The film serves as both a sequel and prequel to Mamma Mia! In the now, Sophie (Amanda Seyfried) is re-vamping and re-opening the hotel in Greece her mother, Donna (Meryl Streep) spent the majority of her life working on. Will her three dads (Pierce Brosnan, Colin Firth, Stellan Skarsgård) make it to the opening? Will her boyfriend, Sky (Dominic Cooper)? Will her estranged grandmother? (Spoiler alert, she's played by Cher, and she's on the poster and the trailer). Or will weather ruin the whole event?

Since that's the extent of the drama in that plotline, the real soap opera plays out in the past, as we follow young Donna (Lily James) during that fateful summer in 1979 that led to Sophie's birth. Somehow, we're to believe someone who looks like Lily James grows up to look like Meryl Streep, which, yes, is preposterous, and we must also take the casting of the younger versions of her suitors with an equal grain of salt. It's only Jessica Keenan Wynn who is utterly convincing in the flashback scenes as the young Tanya (Christine Baranski).

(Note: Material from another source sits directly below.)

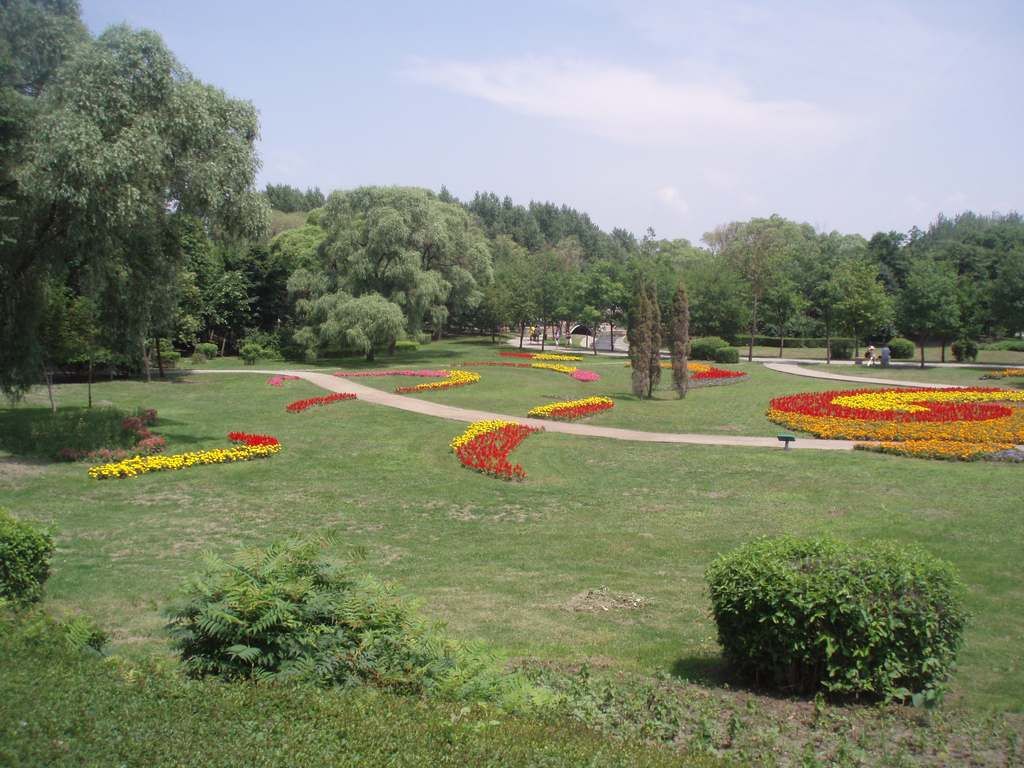 P1010006.jpg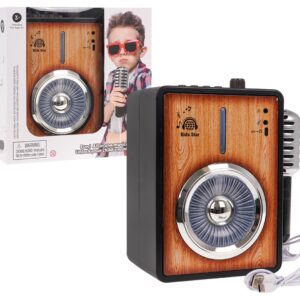 Amplifier s Bluetooth + mikrofon function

Thankfully, these younger avatars have stronger voices than some of their older counterparts, which helps to justify the casting. And Lily James manages to turn a potential manic pixie dream girl into someone who feels much more lived-in and relatable. You don't doubt the infatuation of her three suitors.

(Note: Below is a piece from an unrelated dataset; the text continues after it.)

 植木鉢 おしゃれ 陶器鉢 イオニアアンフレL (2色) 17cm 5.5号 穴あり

One of the irksome things about the first film was how the choice of song didn't always feel organic to the plot ("Does Your Mother Know" is tied into a May-December flirtation that leads nowhere), or just features the actors singing at each other ("SOS," which is what I shouted after hearing Brosnan sing just one lyric.)

So while there are some greatest hits reprieves here, (it was hard not to sing along to "Dancing Queen" this time, especially when it turns into a dance number performed by hundreds of people on the island's docks), there are also more organic feeling numbers, like "When I Kissed the Teacher," which Donna performs alongside her pals Tanya and Rose during their graduation from Oxford, (look for a cameo by ABBA's Björn Ulvaeus in that scene), and "Angeleyes," which gets a very theatrical rendering by Christine Baranski and Julie Walters.

And then there's Cher. To say her character in the film is ridiculous (she's supposed to be Donna's mother; Cher is two years older than Meryl Streep), is to just recognize the appeal of casting her. The movie grinds to a halt for her performance of "Fernando," as well it should. You may groan at the obviousness of the number. You may role your eyes a bit. But you'll be smiling the whole time. And that goes for Mama Mia! Here We Go Again as well.